Last year, Americans rose up and said it was time for a change. This year, the pharmaceutical industry is saying “no way.” Drug companies claim to put patients first, but their priorities are power and profit. Always.

Drug companies also claim that negotiation leading to lower prices will kill innovation and new drug development. But this red herring doesn’t hold up. In fact, the new drug law will spur innovation because drug companies will not be able to generate huge profits by extending monopolies and raising prices at will on old drugs — they will need to innovate.

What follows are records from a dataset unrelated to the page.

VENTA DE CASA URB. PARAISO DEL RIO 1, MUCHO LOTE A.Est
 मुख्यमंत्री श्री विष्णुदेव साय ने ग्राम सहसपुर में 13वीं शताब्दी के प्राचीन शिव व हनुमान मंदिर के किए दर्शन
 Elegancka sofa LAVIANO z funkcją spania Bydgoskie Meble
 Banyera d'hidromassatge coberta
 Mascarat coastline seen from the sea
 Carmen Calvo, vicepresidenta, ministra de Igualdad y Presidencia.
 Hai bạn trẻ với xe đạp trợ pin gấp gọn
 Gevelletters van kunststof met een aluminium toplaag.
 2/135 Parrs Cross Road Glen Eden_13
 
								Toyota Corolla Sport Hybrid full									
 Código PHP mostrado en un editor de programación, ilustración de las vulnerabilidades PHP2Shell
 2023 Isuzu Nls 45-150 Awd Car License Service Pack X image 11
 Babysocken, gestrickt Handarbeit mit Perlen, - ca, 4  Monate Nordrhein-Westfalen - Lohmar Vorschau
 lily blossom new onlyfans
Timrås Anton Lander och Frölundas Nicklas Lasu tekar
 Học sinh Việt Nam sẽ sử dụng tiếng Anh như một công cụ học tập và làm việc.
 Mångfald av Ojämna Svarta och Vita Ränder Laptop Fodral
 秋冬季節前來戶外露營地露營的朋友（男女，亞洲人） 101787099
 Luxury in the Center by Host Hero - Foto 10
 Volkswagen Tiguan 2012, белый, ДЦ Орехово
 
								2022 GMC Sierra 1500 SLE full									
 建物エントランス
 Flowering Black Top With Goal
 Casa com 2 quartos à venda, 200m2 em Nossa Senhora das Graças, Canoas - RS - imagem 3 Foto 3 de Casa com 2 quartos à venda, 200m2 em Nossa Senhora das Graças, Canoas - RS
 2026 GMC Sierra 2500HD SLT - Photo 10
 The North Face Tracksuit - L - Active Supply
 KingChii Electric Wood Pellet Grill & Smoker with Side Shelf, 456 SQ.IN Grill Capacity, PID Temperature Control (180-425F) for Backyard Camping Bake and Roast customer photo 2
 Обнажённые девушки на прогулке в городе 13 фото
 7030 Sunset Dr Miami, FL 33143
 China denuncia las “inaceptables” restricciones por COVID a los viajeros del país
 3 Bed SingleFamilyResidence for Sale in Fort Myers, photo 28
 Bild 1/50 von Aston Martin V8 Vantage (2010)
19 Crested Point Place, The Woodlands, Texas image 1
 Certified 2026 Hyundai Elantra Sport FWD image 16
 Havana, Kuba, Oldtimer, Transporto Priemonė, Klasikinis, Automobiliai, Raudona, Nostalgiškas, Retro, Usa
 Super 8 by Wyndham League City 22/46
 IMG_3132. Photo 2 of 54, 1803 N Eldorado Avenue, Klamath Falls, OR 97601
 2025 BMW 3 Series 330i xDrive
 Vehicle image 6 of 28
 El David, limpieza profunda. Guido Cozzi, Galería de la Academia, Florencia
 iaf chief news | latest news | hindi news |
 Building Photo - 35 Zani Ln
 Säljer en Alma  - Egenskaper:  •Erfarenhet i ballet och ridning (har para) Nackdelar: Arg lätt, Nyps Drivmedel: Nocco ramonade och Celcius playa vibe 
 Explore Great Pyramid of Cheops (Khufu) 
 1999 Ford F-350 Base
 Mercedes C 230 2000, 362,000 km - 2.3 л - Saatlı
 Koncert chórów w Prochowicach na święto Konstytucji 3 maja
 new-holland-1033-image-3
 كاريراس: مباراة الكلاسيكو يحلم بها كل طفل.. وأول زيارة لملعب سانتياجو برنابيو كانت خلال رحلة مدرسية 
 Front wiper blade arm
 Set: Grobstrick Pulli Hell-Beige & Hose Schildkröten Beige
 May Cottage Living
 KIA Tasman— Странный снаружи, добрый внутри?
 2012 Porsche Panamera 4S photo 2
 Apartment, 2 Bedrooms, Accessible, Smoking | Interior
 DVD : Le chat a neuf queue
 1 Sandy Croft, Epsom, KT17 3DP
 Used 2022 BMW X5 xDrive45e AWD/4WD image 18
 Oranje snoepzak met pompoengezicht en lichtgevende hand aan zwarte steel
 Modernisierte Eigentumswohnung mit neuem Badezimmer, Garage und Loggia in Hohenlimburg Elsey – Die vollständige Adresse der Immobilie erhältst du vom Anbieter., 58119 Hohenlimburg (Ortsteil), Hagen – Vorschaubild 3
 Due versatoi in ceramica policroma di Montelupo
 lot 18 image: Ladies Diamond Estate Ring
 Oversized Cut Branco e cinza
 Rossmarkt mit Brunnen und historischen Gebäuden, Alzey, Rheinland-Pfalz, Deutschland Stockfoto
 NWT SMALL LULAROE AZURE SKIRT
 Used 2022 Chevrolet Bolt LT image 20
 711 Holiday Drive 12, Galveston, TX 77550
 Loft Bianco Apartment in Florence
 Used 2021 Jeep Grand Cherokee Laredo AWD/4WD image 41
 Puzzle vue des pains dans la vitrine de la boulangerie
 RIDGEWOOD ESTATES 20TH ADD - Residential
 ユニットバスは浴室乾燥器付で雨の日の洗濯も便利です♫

What’s more, the negotiating process under law requires that Medicare give central weight to the clinical value of a drug, whether it represents a therapeutic advancement and the extent to which it meets an unmet need. In other words, drug companies will get higher prices for high-quality, innovative drugs. The law maintains the incentives for innovation that already exist in the U.S. by allowing drugmakers to be rewarded for investment and risk by setting their launch prices, maintaining the FDA-awarded period of exclusivity, and exempting all medications from negotiated prices for a 9- to 13-year period.

The Biden administration is defending the law and the will of the people. We will support the legal fight against the pharmaceutical industry, and do all we can to make sure the courts understand how patients will be harmed if the law is delayed or overturned.

David Mitchell is a cancer patient and founder of Patients For Affordable Drugs, the only national, bipartisan patient organization focused solely on policies to lower drug prices.